Iomega has moved beyond this step to become an Aftermarket standard:
This is defined by high profit (evidenced by profit growth), medium revenue and a 5-7 year life cycle. Zip has no competition in the aftermarket. They own the shelves and the presence in the storefronts worldwide. You can't build this overnight, which is why Syquest, Swan, Avatar, and the LS-120 consortium will never mount a legitimate threat in this space.

They may in time erode market share, but that will be determined by the next step along the path: OEM Standard

This is defined by low profit (give away the drives), high revenue and an 8-15 year life cycle. Iomega has established manufacturing relationships and OEM relationships with THE players. A 100% increase in growth from Q4, 96 to Q1 97 leads me to the opinion that IOM is well along this path.

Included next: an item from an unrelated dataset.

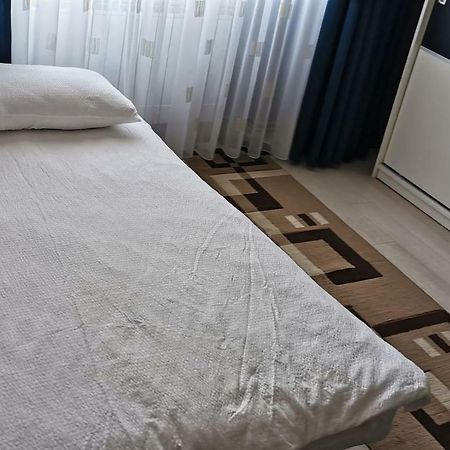 Luxury Apartment With Two Bedrooms And Large Living Room, 100 Square Meters, City Center أرادايا المظهر الخارجي الصورة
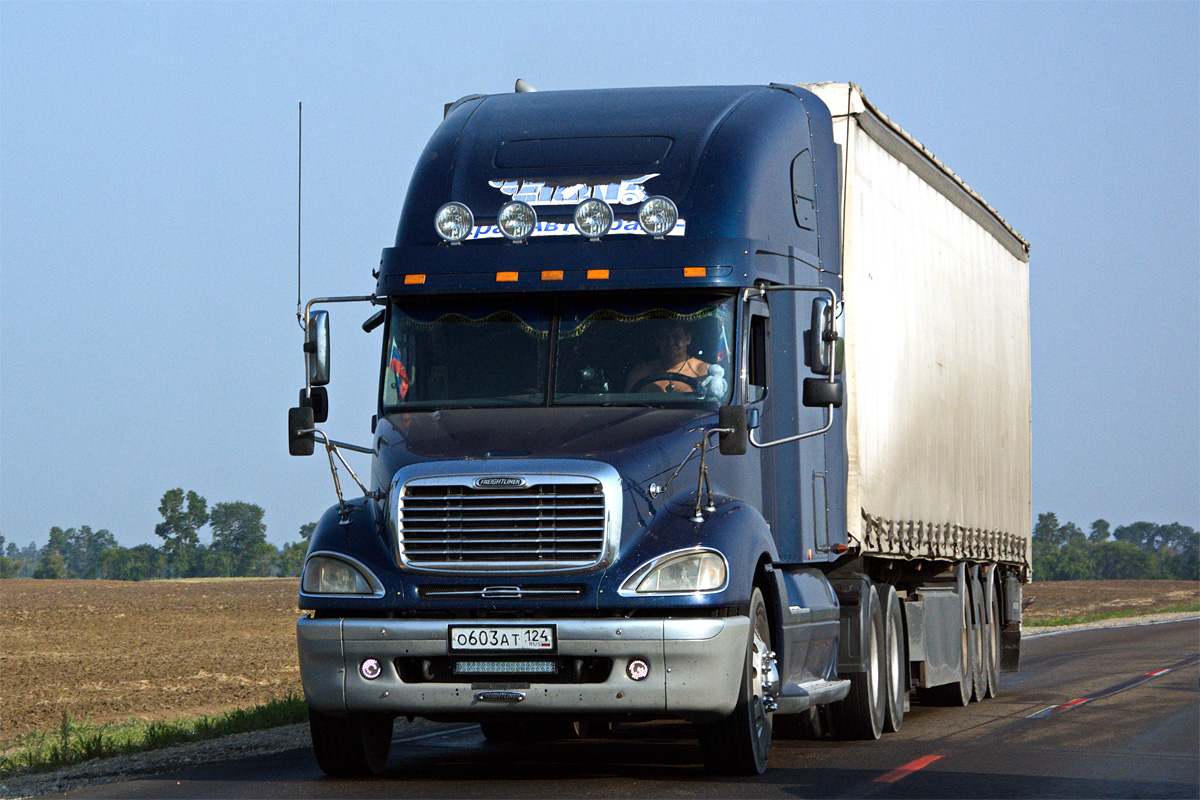 Красноярский край, № О 603 АТ 124 — Freightliner Columbia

A decrease in the revenue from the drives and an overall increase in profit margins lends evidence to the low profit from drives high profit from disks; ie razor/blade model.

Finally the last step is becoming a defacto standard. defined by medium to high profit, huge revenue, and an 8-15 year life cycle.

This will only come together if the first three steps are achieved. The only storage products to date that have achieved this is Hard drives, floppy drives (FDD) and CD-ROMs. Currently FDD and CD-ROMs are under attack by new technologies Zip and DVD. These two will work together not compete.

This leads me to why Iomega shouldn't be lumped into the disk drive sector. If you understand the costs of media manufacturing and the high profit that is obtainable from producing and establishing a standard then you would have to figure in a consummable media equation to their valuatin in this sector - which I've yet to see.

Competition
Zip has been in the market for over 2 years. 2 years to establish market share without competition. To date there is no formidable competition in the marketplace that should concern Iomega.

3. Ditto

ZDNet did a survey that asked if the respondent had experienced a hard disk crash - the result is over 52% had lost some or all of their data.

No tape manufacturer has ever figured out how to capture the minds of consumers with a tape drive until Iomega positioned Ditto as "Insurance for your Stuff". People understood what this meant. Iomega produced a product with unique features; beltless designs for reliability and 1-step backup that backed up your data while you continued to work, they leveraged relationships built with Zip to capture retail space, and they blew out an advertising campaign that included TV (for a tape product that's unheard of). All of which led Iomega to the number one share player in Europe and potentially the number one player in the US when new data is released in the coming months.

4. Jaz Drive

The darkhorse of the group. Jaz answered the question posed by MacWeek in 1995; Where's the next evolution to high performance, high capacity, low cost removable storage. At the time SyQuest had the 270MB product and hadn't really advanced the capacity since they had won the battle with Bernoulli.

Jaz was launched through stealth marketing. Iomega captured the innovators and early adopters before the market had really ever heard of Jaz. While Zip and Jaz were developed simultaneously Iomega realized that Jaz success relied on Zip success to fund the development. Iomega executed on Zip success and IMO we will see the Jaz become a highly successful product within the year.

These are just all my informed opinions gathered through years of working in high technology and researching and analyzing consumer thoughts. I could go on more about Ditto and Jaz, but Zip is the cool product that will determine the fate of Iomega.

Sorry that I haven't brought much to the discussion, but what has there been to discuss?